What to work on:
The entries below are to be repeated exactly, and their pictures left out.

Data for the task:

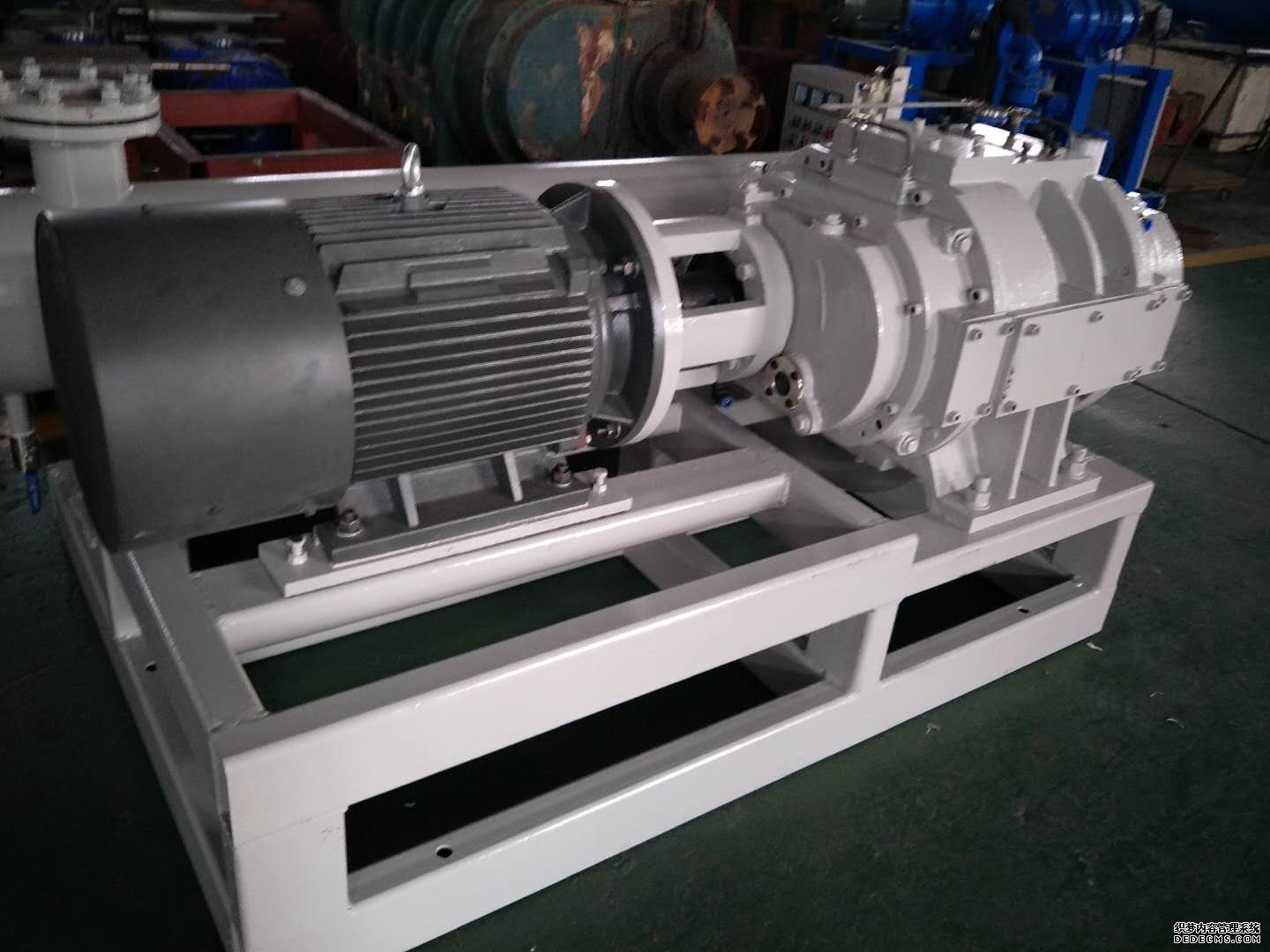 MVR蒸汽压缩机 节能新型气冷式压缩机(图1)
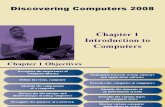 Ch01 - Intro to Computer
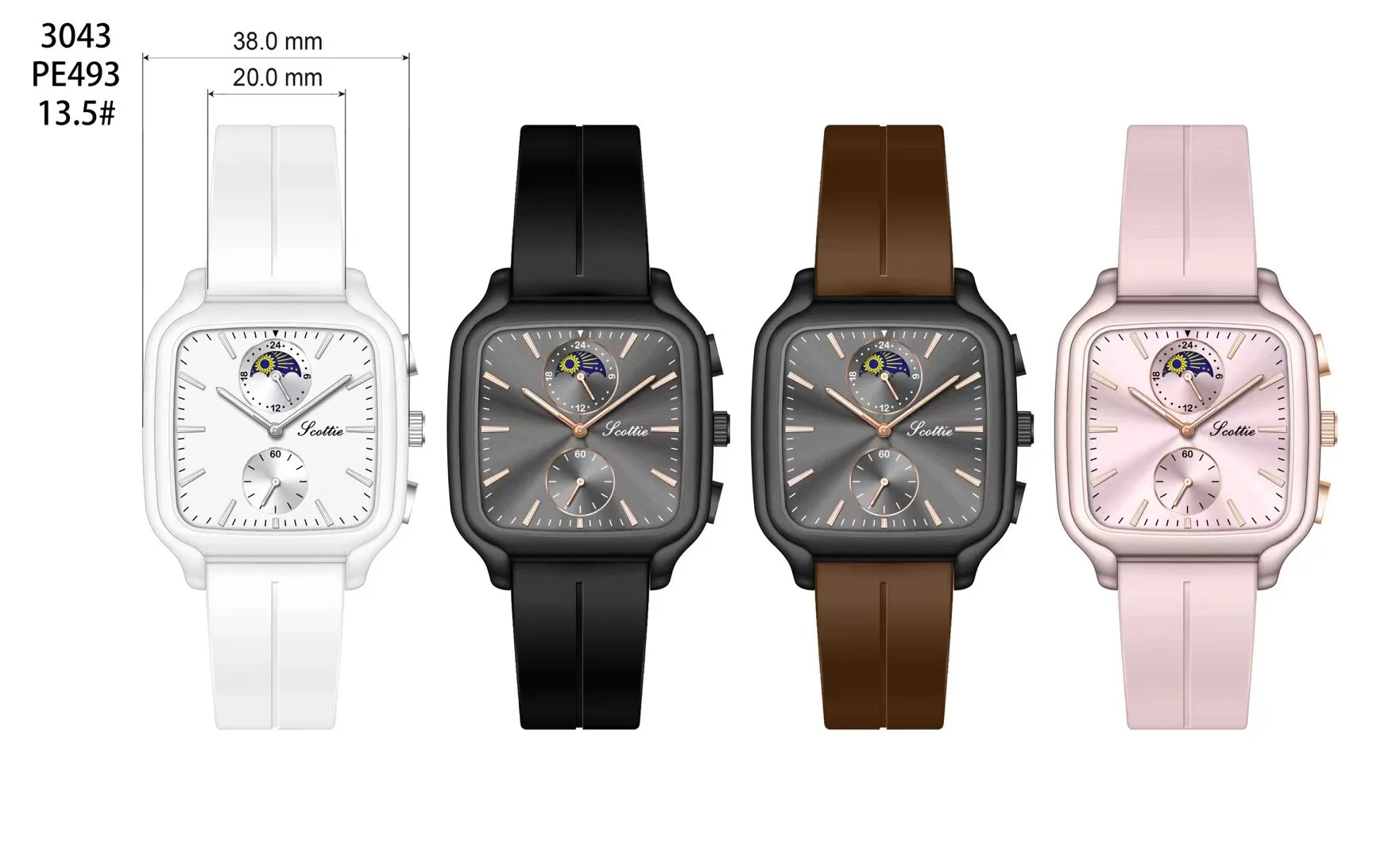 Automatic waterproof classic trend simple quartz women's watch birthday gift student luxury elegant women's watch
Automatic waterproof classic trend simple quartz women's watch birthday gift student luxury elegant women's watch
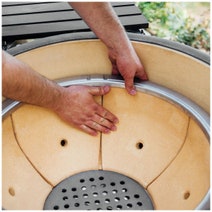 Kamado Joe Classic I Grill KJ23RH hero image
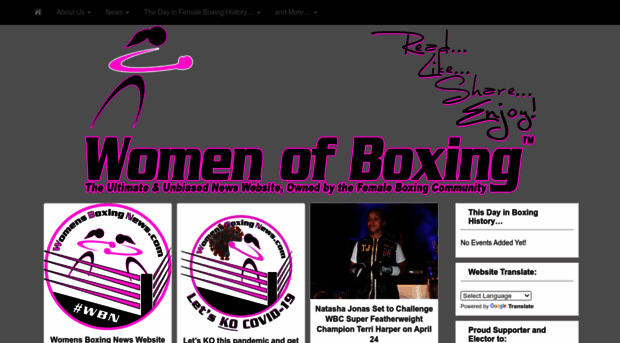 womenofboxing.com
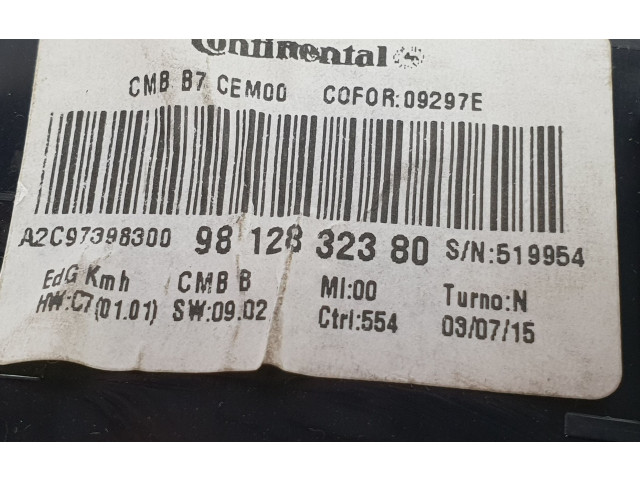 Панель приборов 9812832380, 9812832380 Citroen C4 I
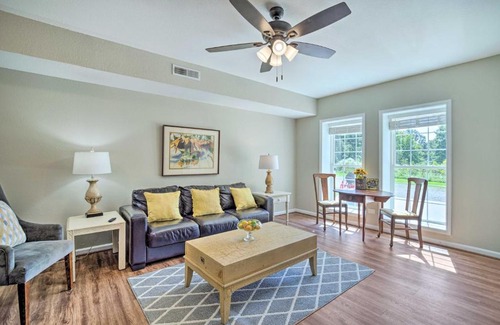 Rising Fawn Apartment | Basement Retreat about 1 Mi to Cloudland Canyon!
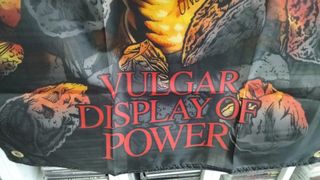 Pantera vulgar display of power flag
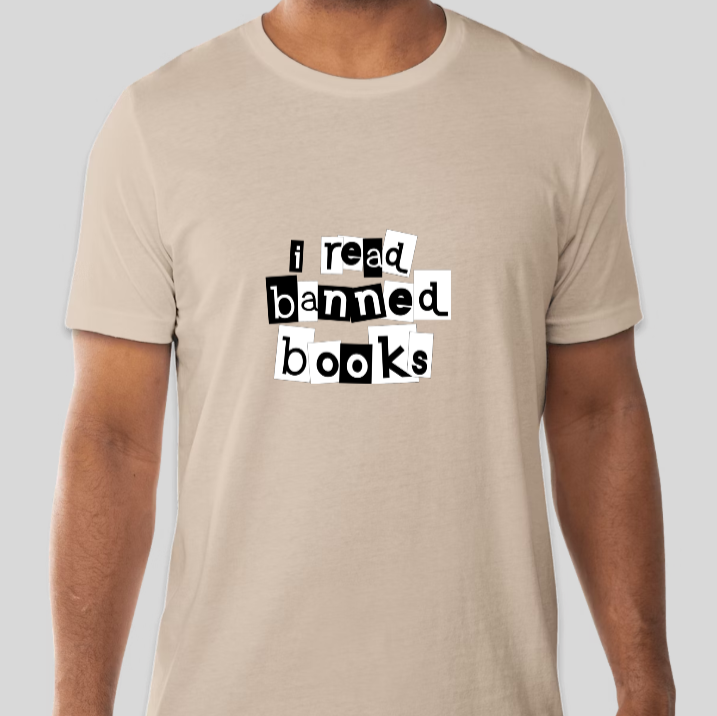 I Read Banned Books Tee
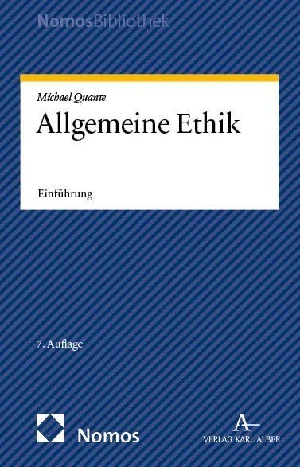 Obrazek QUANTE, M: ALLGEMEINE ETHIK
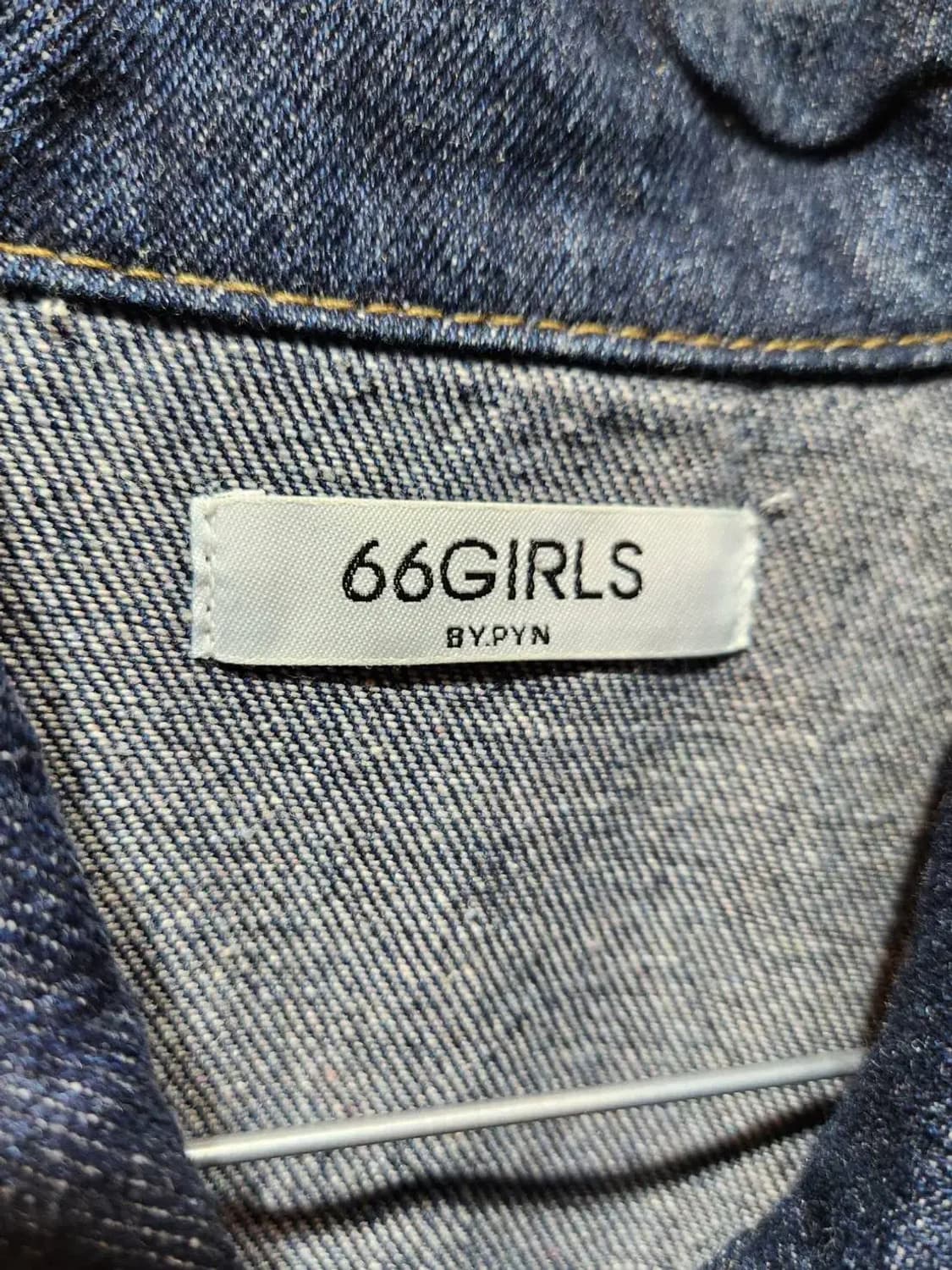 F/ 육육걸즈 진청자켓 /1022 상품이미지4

Result:
 MVR蒸汽压缩机 节能新型气冷式压缩机(图1)
 Ch01 - Intro to Computer
 Automatic waterproof classic trend simple quartz women's watch birthday gift student luxury elegant women's watch
Automatic waterproof classic trend simple quartz women's watch birthday gift student luxury elegant women's watch
 Kamado Joe Classic I Grill KJ23RH hero image
 womenofboxing.com
 Панель приборов 9812832380, 9812832380 Citroen C4 I
 Rising Fawn Apartment | Basement Retreat about 1 Mi to Cloudland Canyon!
 Pantera vulgar display of power flag
 I Read Banned Books Tee
 Obrazek QUANTE, M: ALLGEMEINE ETHIK
 F/ 육육걸즈 진청자켓 /1022 상품이미지4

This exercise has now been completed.